Given data Block Start

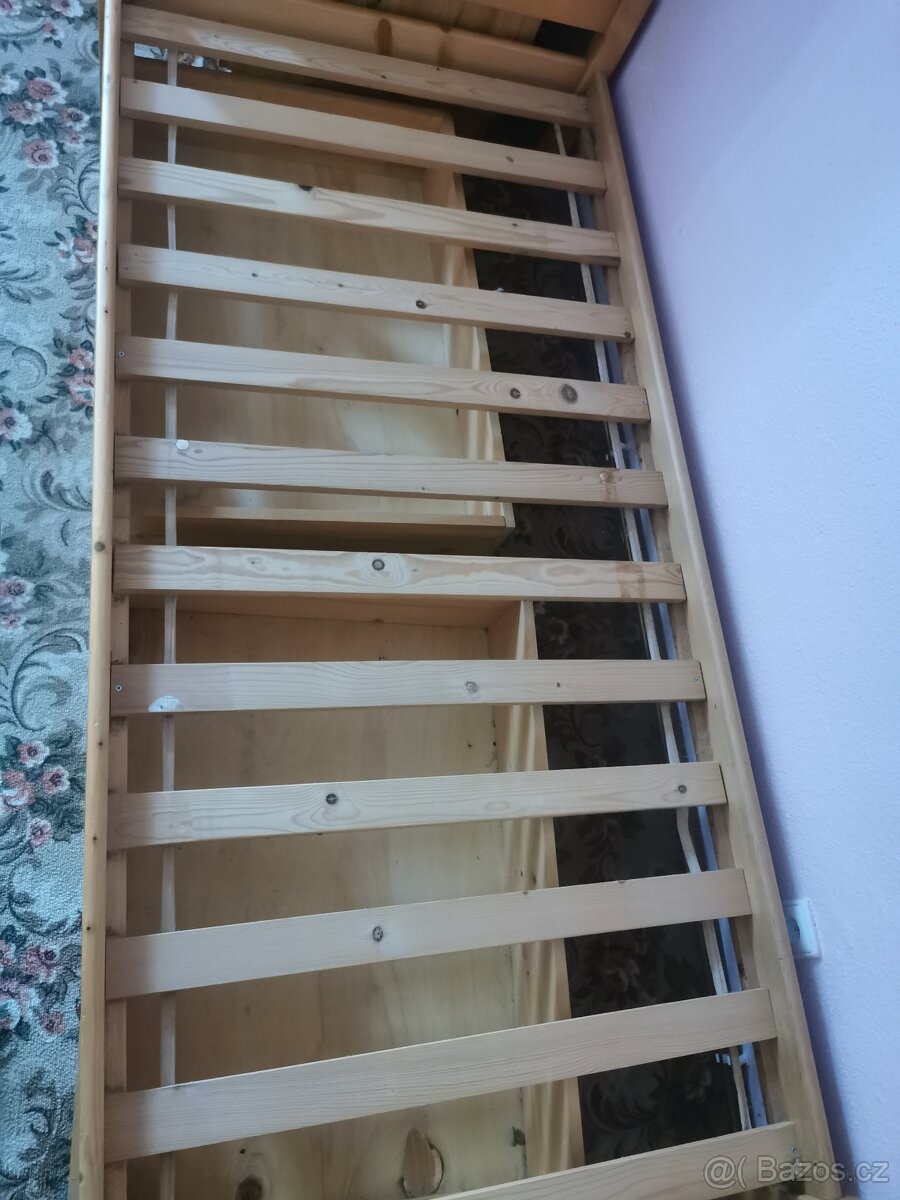 Dřevěná postel se šuplíky - 2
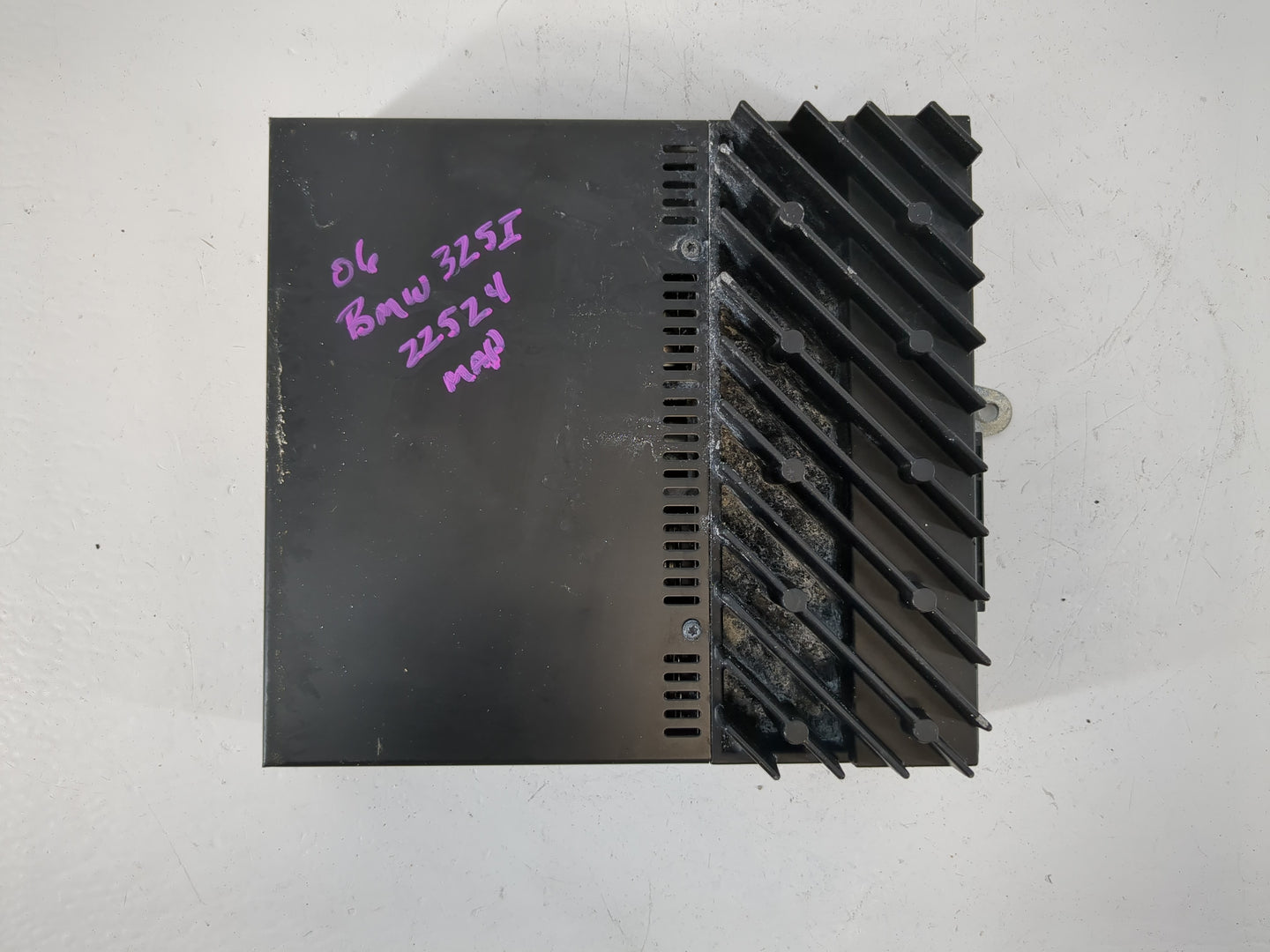 2001-2005 Bmw 325i Radio Speaker Amplifier 532230808 - Oemusedautoparts1.com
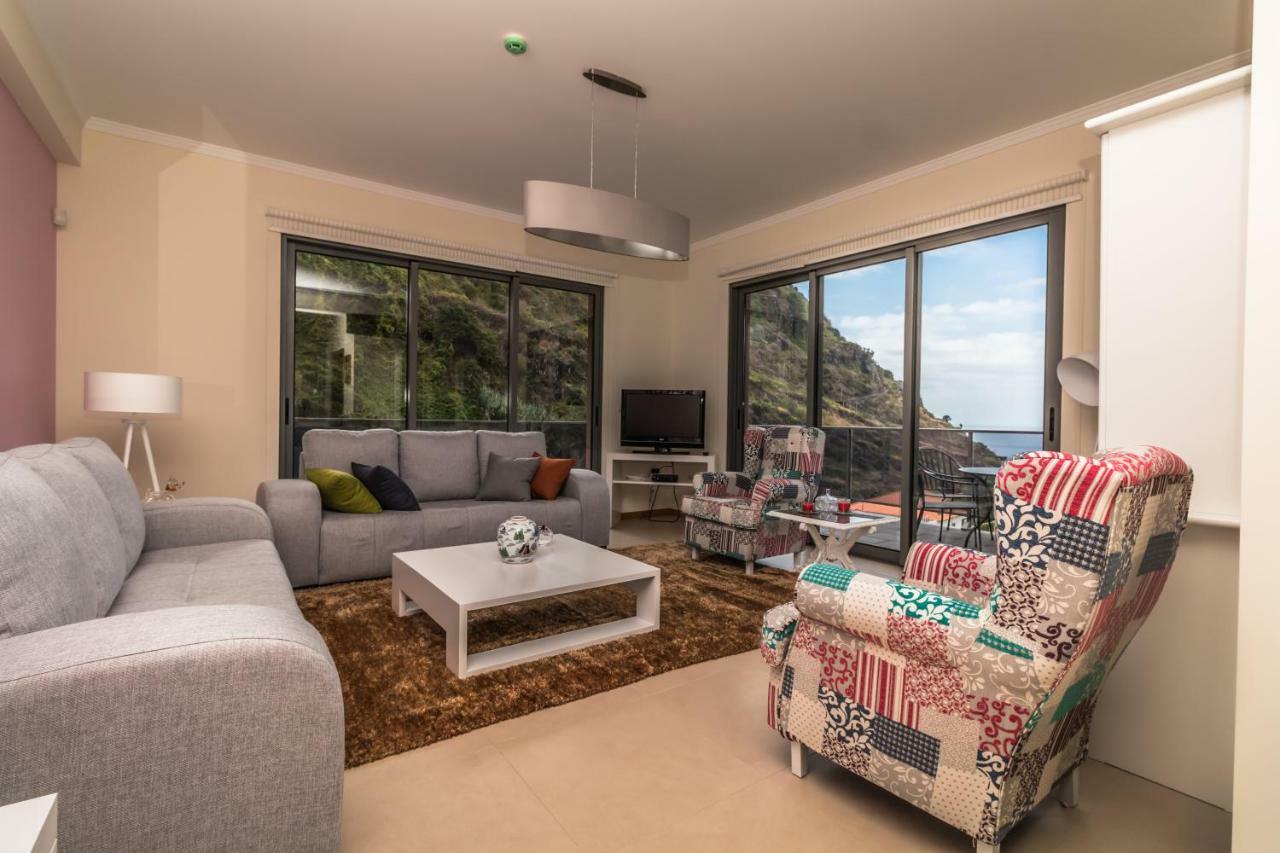 Holiday home Pink House - Tabua Ribeira Brava
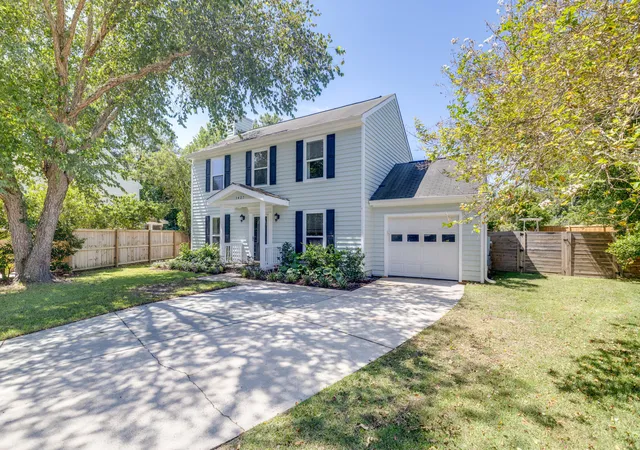 Photo 1 of Single family home for sale at 1427 Oaklanding Rd, Mount Pleasant, SC 29464 | MLS# 26025333 | Listing updated on 2026-09-15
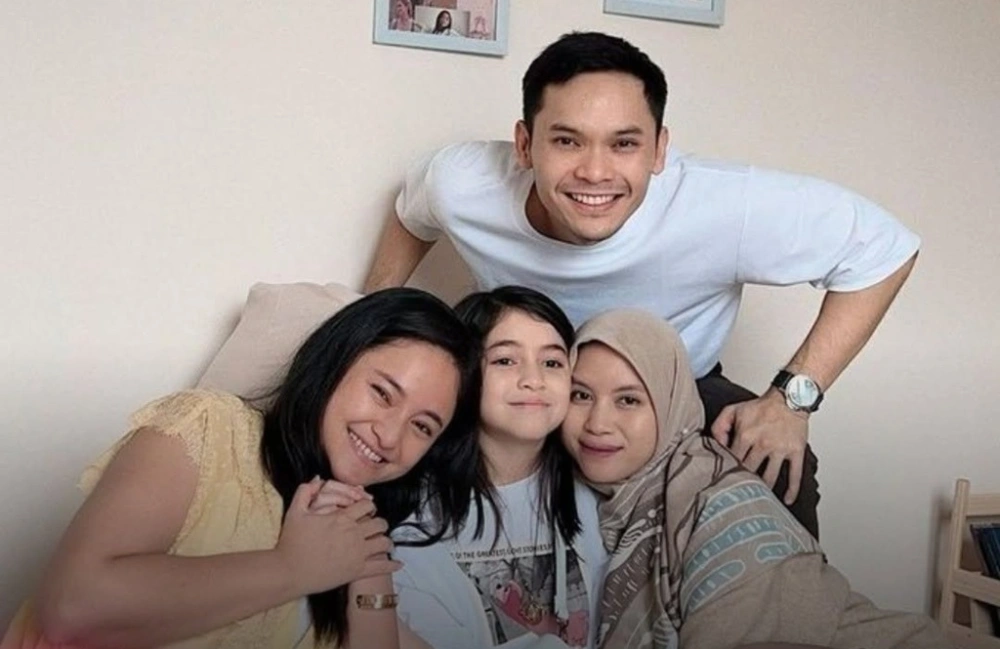 Marshanda, Sienna, Ben Kasyafani dan Istri. (Instagram)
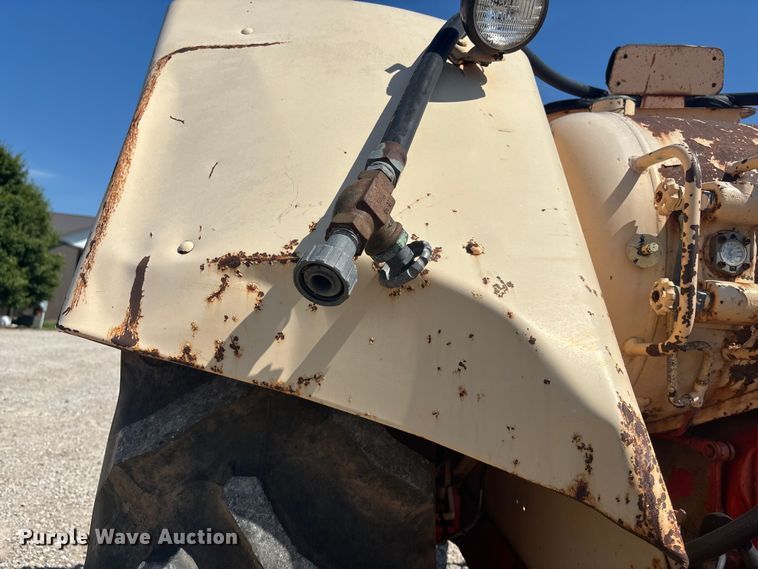 image for item DT3291 Case 930 Comfort King tractor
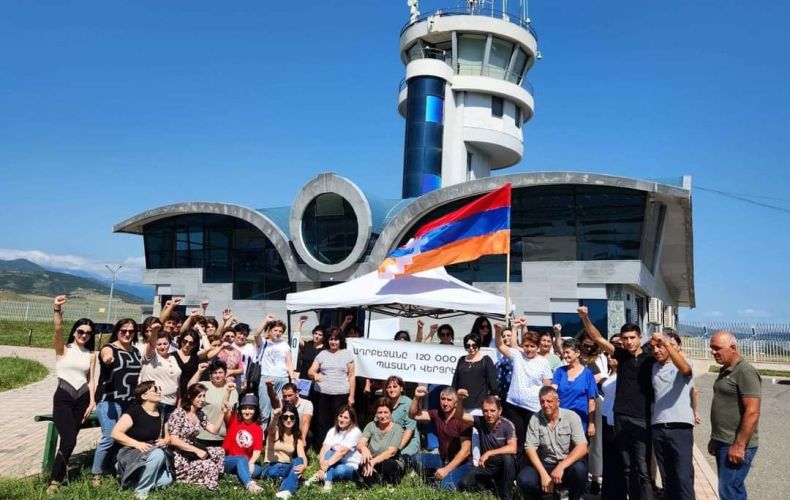 En Artsakh l&rsquo;action pacifique du mouvement populaire se poursuit près de l’emplacement des casques bleus russes à Stepanakert
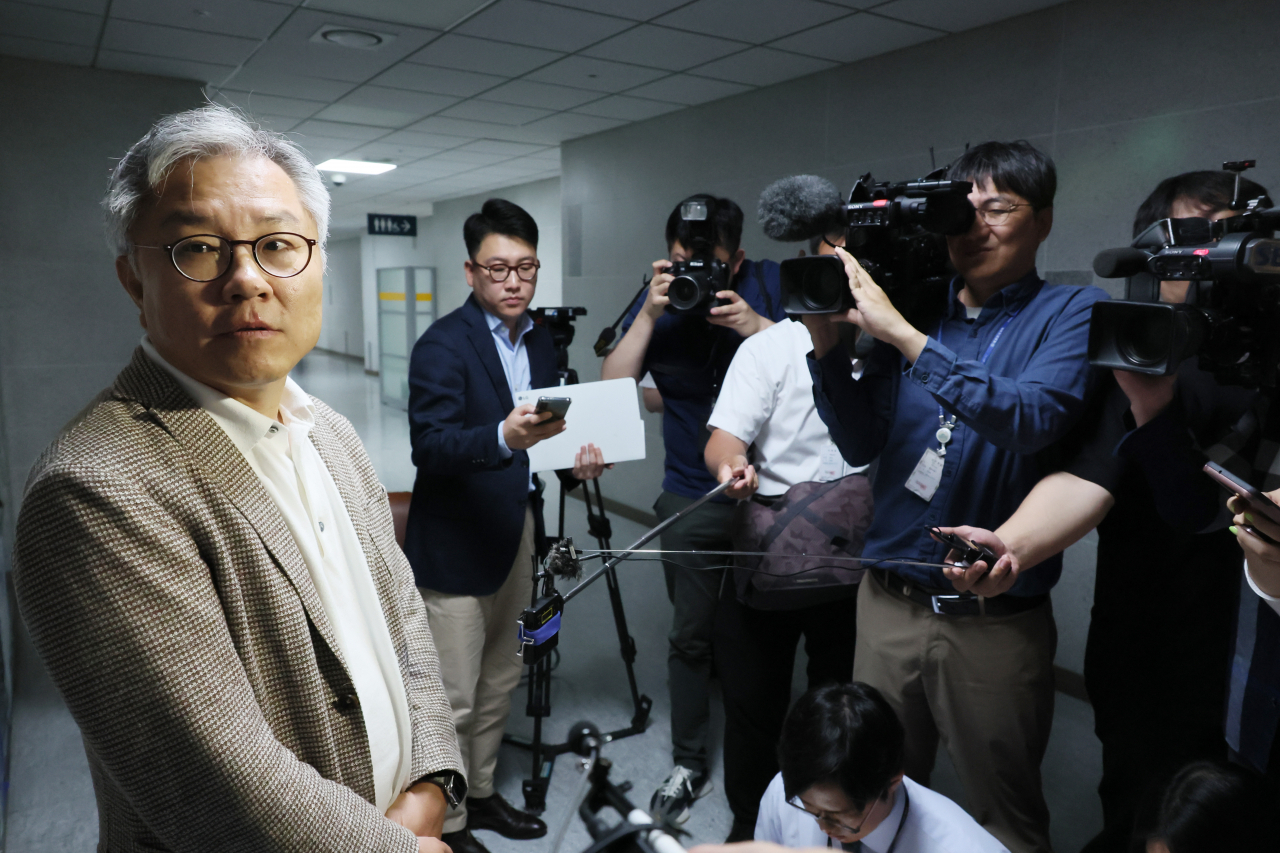 더불어민주당 최강욱 의원이 5일 오전 의원회관 사무실로 들어서며 기자들의 질문에 답하고 있다. 서울경찰청 반부패·공공범죄수사대는 이날 한동훈 법무부 장관 개인정보 유출 의혹과 관련해 최 의원에 대한 압수수색 영장을 집행 중인 것으로 알려졌다. [연합]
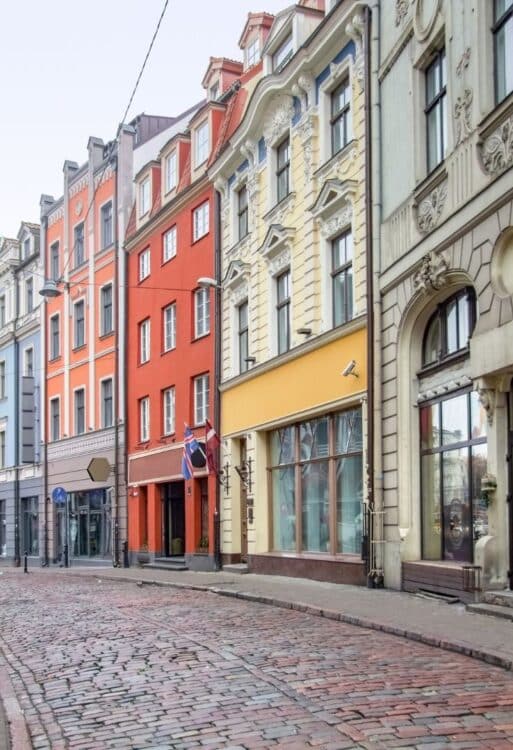 Hôtel situé dans un quartier urbain de Riga, entouré d’architecture locale.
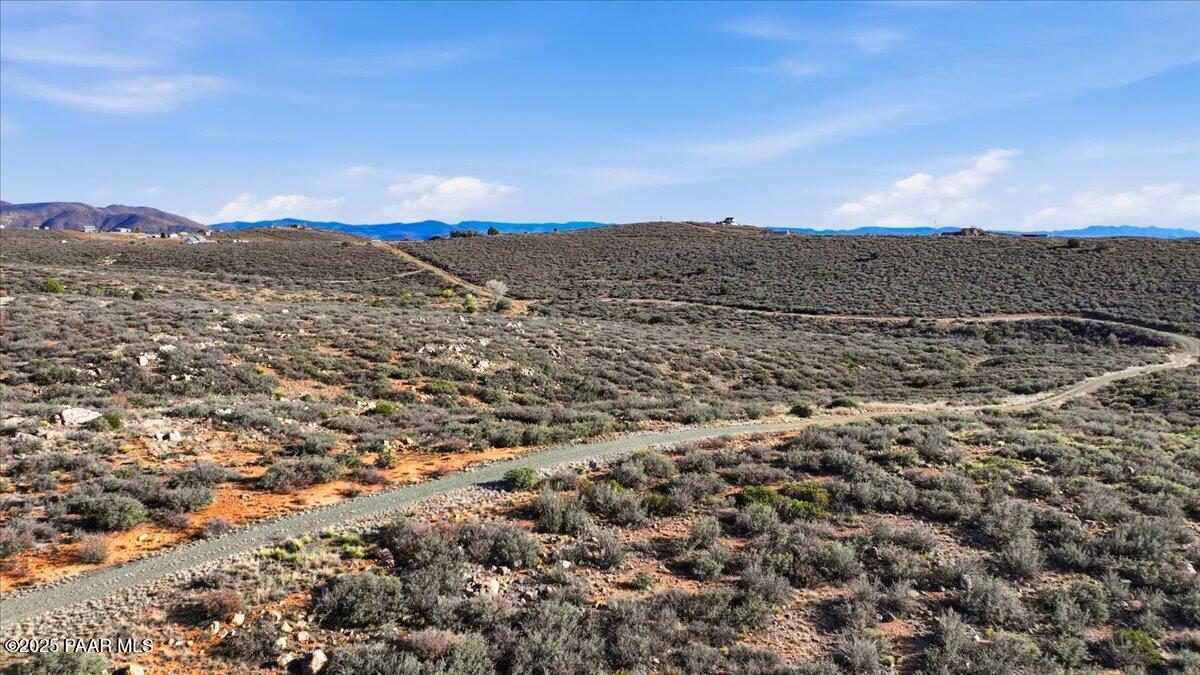 Dewey-humboldt Az 86327 Road Dewey, AZ 86327 - Photo 5 of 9 a view of a sky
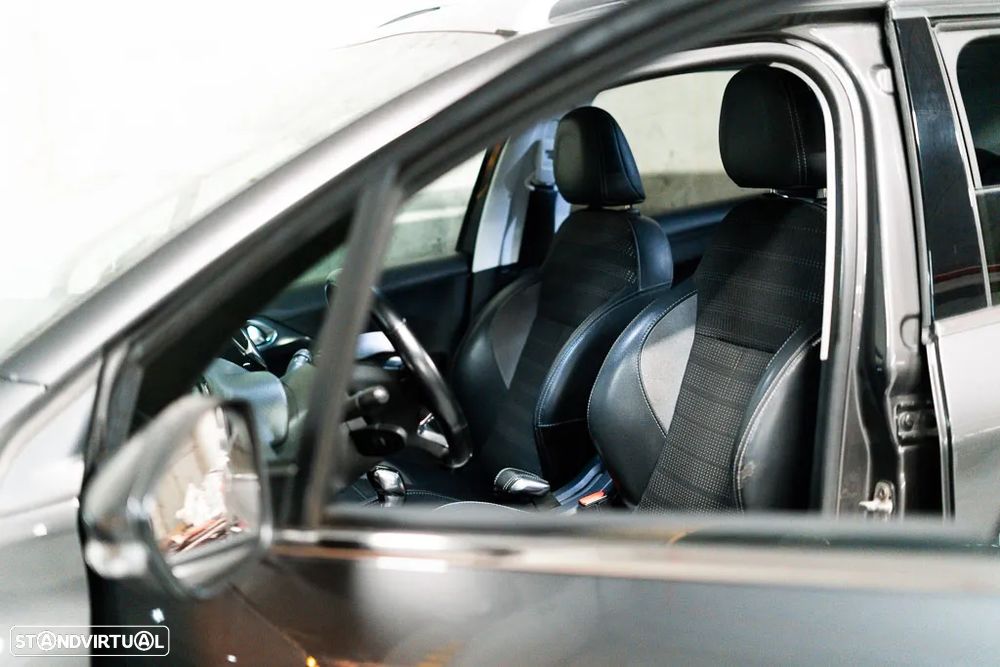 Peugeot 2008 1.2 PureTech Allure - 34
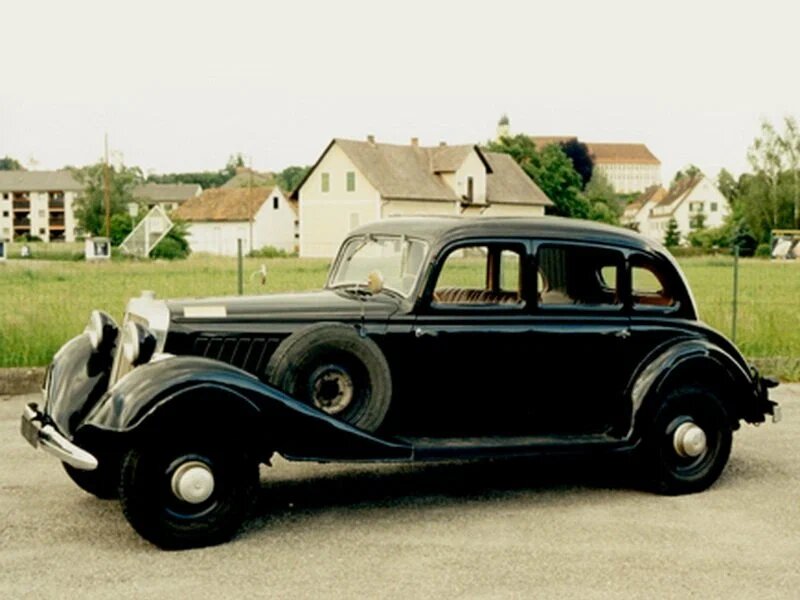 Horch 830, Седан: фото поколения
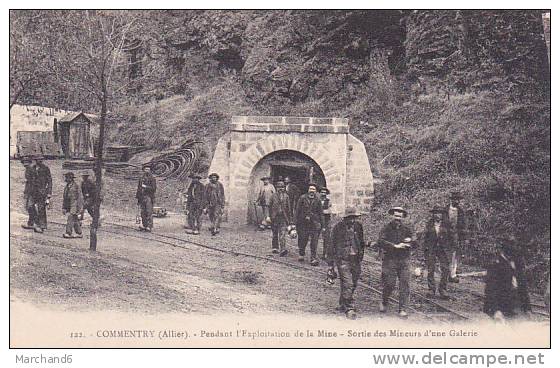 ALLIER COMMENTRY PENDANT L EXPLOITATION DE LA MINE SORTIE DES MINEURS D UNE GALERIE Editeur G Chaumont - Commentry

Given data Block End

> **Your task**
For this exercise, give the listing again exactly as written, with the pictures omitted.

> **Solution for this exercise**
 Dřevěná postel se šuplíky - 2
 2001-2005 Bmw 325i Radio Speaker Amplifier 532230808 - Oemusedautoparts1.com
 Holiday home Pink House - Tabua Ribeira Brava
 Photo 1 of Single family home for sale at 1427 Oaklanding Rd, Mount Pleasant, SC 29464 | MLS# 26025333 | Listing updated on 2026-09-15
 Marshanda, Sienna, Ben Kasyafani dan Istri. (Instagram)
 image for item DT3291 Case 930 Comfort King tractor
 En Artsakh l&rsquo;action pacifique du mouvement populaire se poursuit près de l’emplacement des casques bleus russes à Stepanakert
 더불어민주당 최강욱 의원이 5일 오전 의원회관 사무실로 들어서며 기자들의 질문에 답하고 있다. 서울경찰청 반부패·공공범죄수사대는 이날 한동훈 법무부 장관 개인정보 유출 의혹과 관련해 최 의원에 대한 압수수색 영장을 집행 중인 것으로 알려졌다. [연합]
 Hôtel situé dans un quartier urbain de Riga, entouré d’architecture locale.
 Dewey-humboldt Az 86327 Road Dewey, AZ 86327 - Photo 5 of 9 a view of a sky
 Peugeot 2008 1.2 PureTech Allure - 34
 Horch 830, Седан: фото поколения
 ALLIER COMMENTRY PENDANT L EXPLOITATION DE LA MINE SORTIE DES MINEURS D UNE GALERIE Editeur G Chaumont - Commentry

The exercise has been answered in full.